Italian universities have caught the wacky degree bug with a bewildering range of unregulated masters that has grown fourfold since 2001 and by 24 per cent in just the past year.
Officials fear they are stoking unrealistic career ambitions among students and their parents.
The University of L'Aquila, for instance, runs a course in international rugby management.

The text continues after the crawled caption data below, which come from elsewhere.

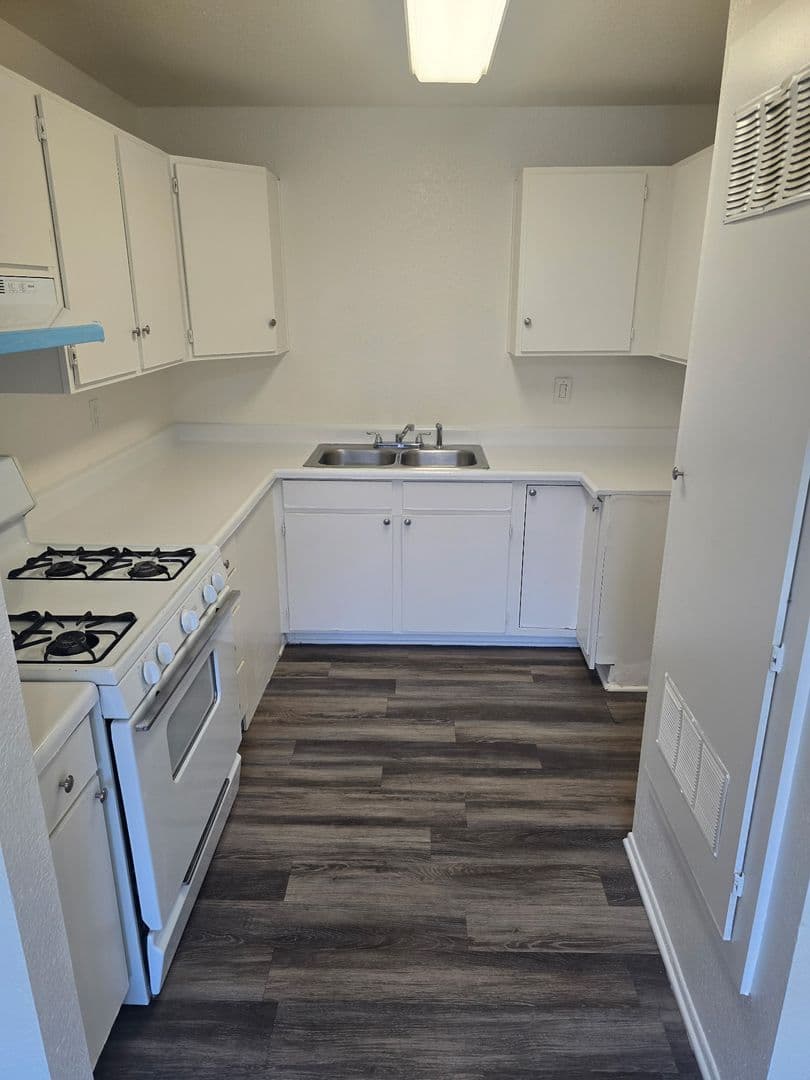 Riverside Apartment: 4631 Hedrick Ave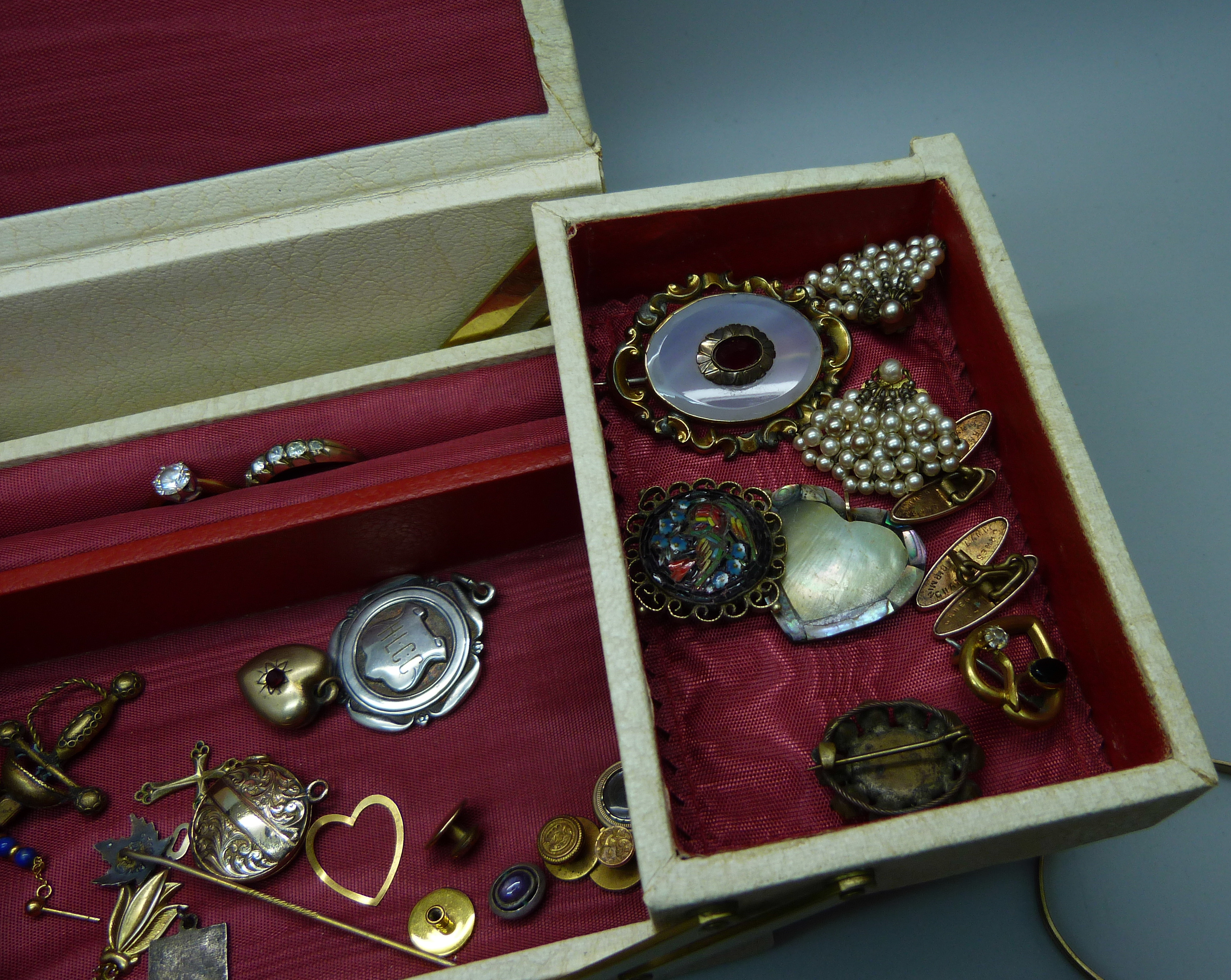 A jewellery box and vintage costume jewellery - Bild 6 aus 6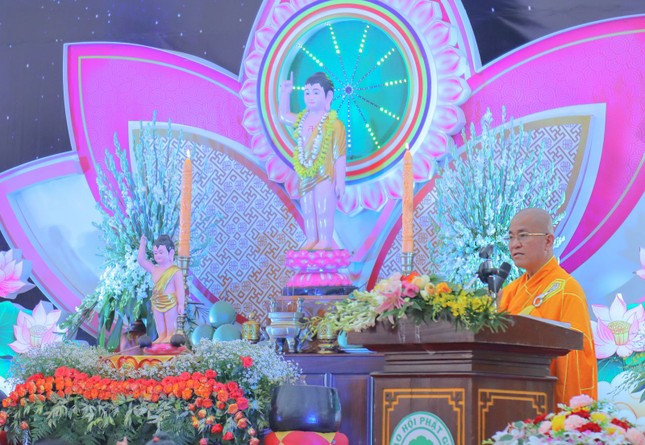 Đắk Nông: Ban Trị sự Phật giáo tỉnh trang nghiêm tổ chức Đại lễ Phật đản và diễu hành xe hoa ảnh 4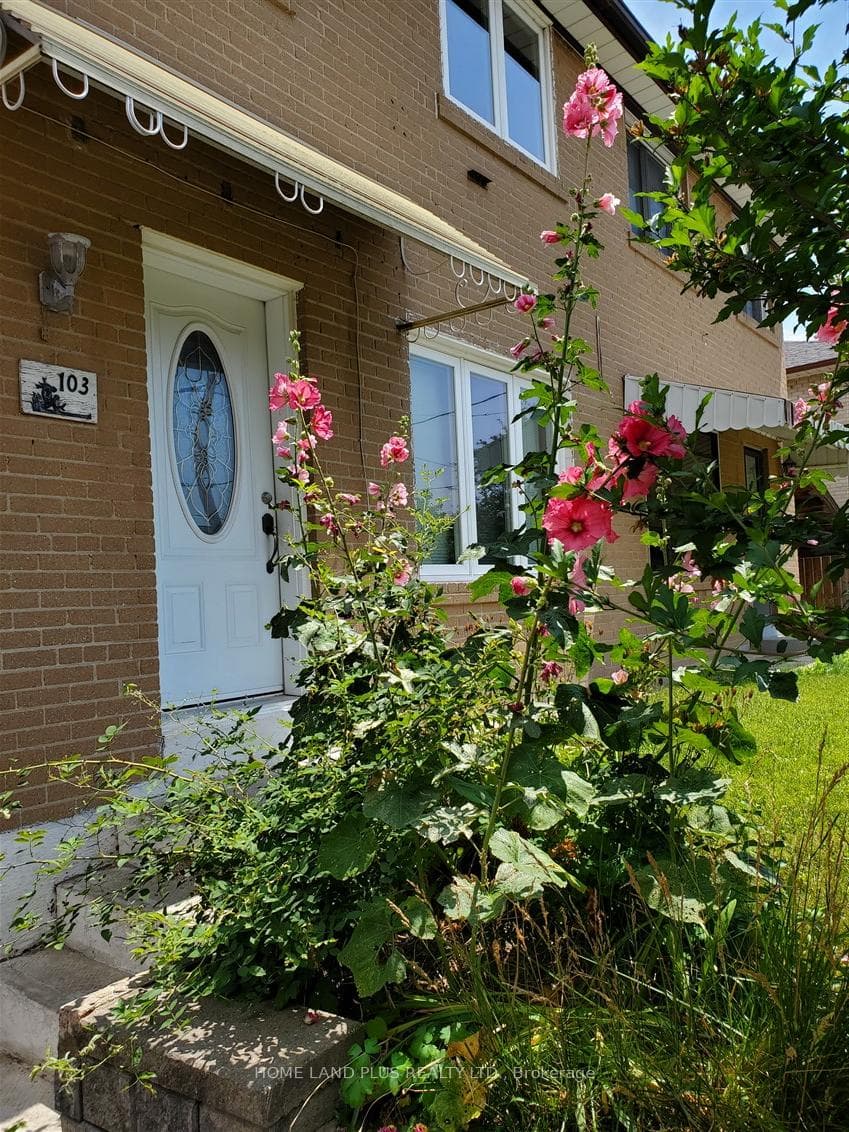 103 Bergen Road, Dorset Park / Kennedy Park, ON M1P 1S3 - Photo 1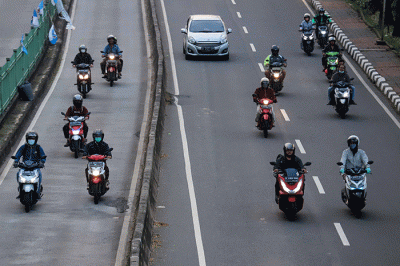 Sejumlah kendaraan bermotor melintas di kawasan Pasar Rumput, Jl. Lkr. Ps. Rumput, Jakarta, Senin (18/7/2022).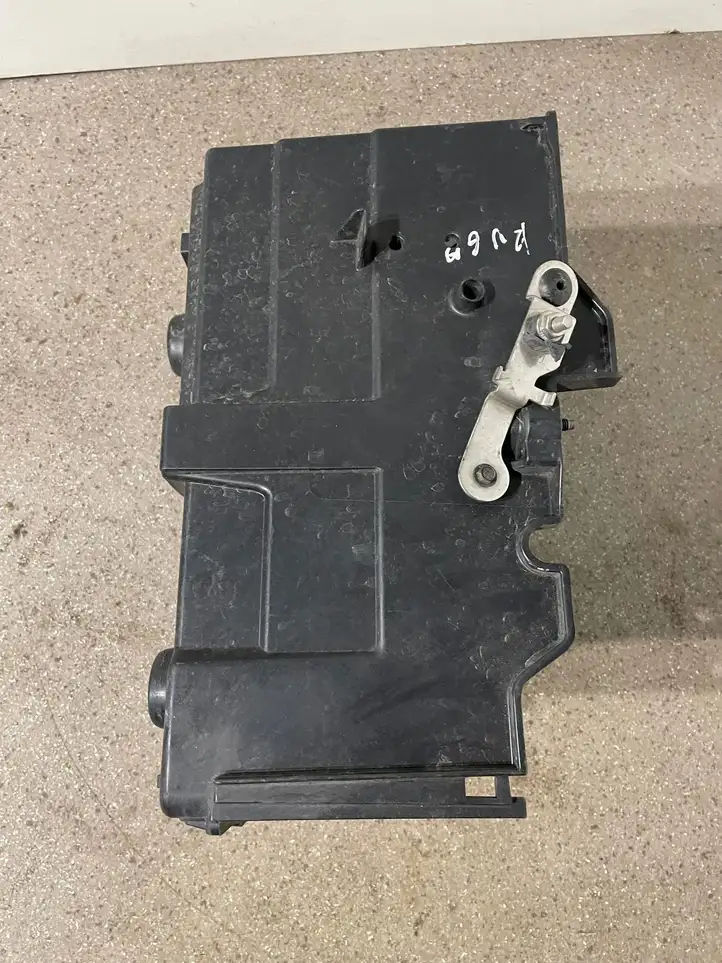 Ford Kuga II (2013 - 2019) AM5110723A Ящик аккумулятора — фото 3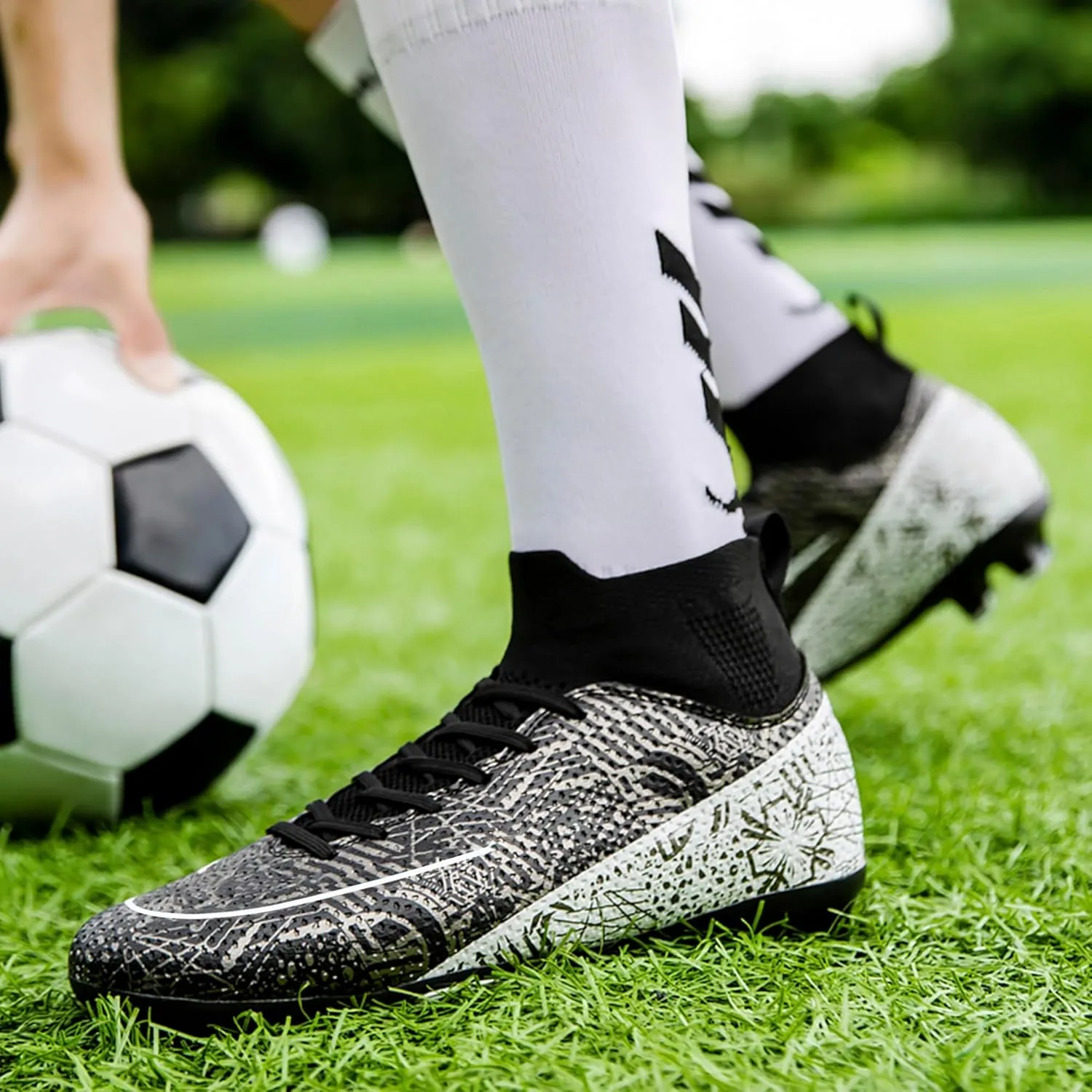 Men's Soccer Shoes Football Cleats High-Tops Lace-Up Non-Slip Spikes Outdoor AG/FG Baseball Lacrosse Rugby Combat Boots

On offer elsewhere are masters in language and values in television films; perfumes, scents and natural aromas; food design; and management of large wild mammals in the Alps.
The programmes, aimed at students with first or second degrees, cost €1,000-€3,000 (£670-£2,000).
Elena Montecchi, Undersecretary at the Culture Ministry, commented: "You do not become a film director with a 60-hour masters."
Critics complain that the programmes create the illusion of a pathway to a profession - a claim refuted by reliable graduate employment statistics.
Masters in fields such as the media, communications and cultural management are cited as not being relevant to job-market demands.
Luciano Modica, Undersecretary at the University Ministry, former president of the Rectors' Conference and a former rector of Siena University, said:
"We are worried that this gives students and parents unrealistic expectations of career opportunities."
He added: "There is nothing we can do. A masters has no legal value.
Universities are free to run courses without ministry guidance.
"If there are masters that students pay for, but that are pointless in terms of serious training or job opportunities, it is an ethical issue rather than a legal one."